Solution 10

Exercise 10.1

Suppose that \(p(\boldsymbol{\theta})\) is a density with \(\boldsymbol{\theta} \in \mathbb{R}^d\) and that we consider a Gaussian approximation \(q(\boldsymbol{\theta})\) with mean \(\boldsymbol{\mu}\) and covariance matrix \(\boldsymbol{\Sigma}\). Show that the parameters that minimize the Kullback–Leibler \(\mathsf{KL}\{p(\boldsymbol{\theta} \parallel q(\boldsymbol{\theta})\}\) are the expectation and variance under \(p(\boldsymbol{\theta})\).¹

Solution. Refer to the Matrix cookbook

Consider \(g \equiv \phi_d(\cdot; \boldsymbol{\mu},\boldsymbol{\Sigma})\) a Gaussian density and \(p(\boldsymbol{\theta})\) the target. Optimization of the parameters of \(g\) can be performed by differentiation of the target. The Kullback–Leibler divergence involves two terms: the negative entropy, which is constant, and the expected value of log density, so \[\begin{align*} \mathsf{KL}(p \parallel g) \stackrel{\boldsymbol{\mu}, \boldsymbol{\Sigma}}{\propto} -\frac{1}{2} \mathsf{E}_{p}\left\{ (\boldsymbol{\theta}-\boldsymbol{\mu})^\top\boldsymbol{\Sigma}^{-1}(\boldsymbol{\theta}-\boldsymbol{\mu})\right\} - \frac{1}{2} \log |\boldsymbol{\Sigma}| \end{align*}\] Taking gradients (formulas 57 and 61 of the Matrix Cookbook) and interchanging the order of integration and differentiation, assuming that the first two moments of \(p(\boldsymbol{\theta})\) exists, gives \[\begin{align*} \frac{\partial}{\partial \boldsymbol{\mu}} \mathsf{KL}(p \parallel g) &= \mathsf{E}_{p}\left\{(\boldsymbol{\theta}-\boldsymbol{\mu})^\top\right\}\boldsymbol{\Sigma}^{-1} \\ \frac{\partial}{\partial \boldsymbol{\Sigma}} \mathsf{KL}(p \parallel g) &= \frac{1}{2} \boldsymbol{\Sigma}^{-1} \mathsf{E}_{p}\left\{(\boldsymbol{\theta}-\boldsymbol{\mu})(\boldsymbol{\theta}-\boldsymbol{\mu})^\top\right\}\boldsymbol{\Sigma}^{-1} - \frac{1}{2}\boldsymbol{\Sigma}^{-1} \end{align*}\] Equating these to zero yields \(\mathsf{E}_p(\boldsymbol{\theta}) = \boldsymbol{\mu}\) and \(\mathsf{E}_p\left\{(\boldsymbol{\theta}-\boldsymbol{\mu})(\boldsymbol{\theta}-\boldsymbol{\mu})^\top\right\} = \boldsymbol{\Sigma}\) provided \(\boldsymbol{\Sigma}\) is invertible.

Exercise 10.2

Consider a finite mixture model of \(K\) univariate Gaussian \(\mathsf{Gauss}(\mu_k, \tau_k^{-1})\) with \(K\) fixed, whose density is \[\begin{align*} \sum_{k=1}^{K} w_k \left(\frac{\tau_k}{2\pi}\right)^{1/2}\exp \left\{-\frac{\tau_k}{2}(y_i-\mu_k)^2\right\} \end{align*}\] where \(\boldsymbol{w} \in \mathbb{S}_{K-1}\) are positive weights that sum to one, meaning \(w_1 + \cdots + w_K=1.\) We use conjugate priors \(\mu_k \sim \mathsf{Gauss}(0, 100)\), \(\tau_k \sim \mathsf{Gamma}(a, b)\) for \(k=1, \ldots, K\) and \(\boldsymbol{w} \sim \mathsf{Dirichlet}(\alpha)\) for \(a, b, \alpha>0\) fixed hyperparameter values.

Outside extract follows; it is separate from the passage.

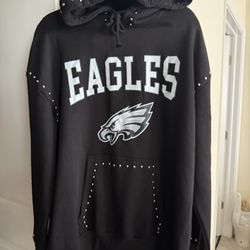 Women's Eagles Black Studded Hoodie Brand New Tags On Super Soft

To help with inference, we introduce auxiliary variables \(\boldsymbol{U}_1, \ldots, \boldsymbol{U}_n\) where \(\boldsymbol{U}_i \sim \mathsf{multinom}(1, \boldsymbol{w})\) that indicates which cluster component the model belongs to, and \(w_k = \Pr(U_{ik}=1).\)

The parameters and latent variables for the posterior of interest are \(\boldsymbol{\mu}, \boldsymbol{\tau}, \boldsymbol{w}\) and \(\boldsymbol{U}.\) Consider a factorized decomposition in which each component is independent of the others, \(g_{\boldsymbol{w}}(\boldsymbol{w})g_{\boldsymbol{\mu}}(\boldsymbol{\mu})g_{\boldsymbol{\tau}}(\boldsymbol{\tau}) g_{\boldsymbol{U}}(\boldsymbol{u}).\)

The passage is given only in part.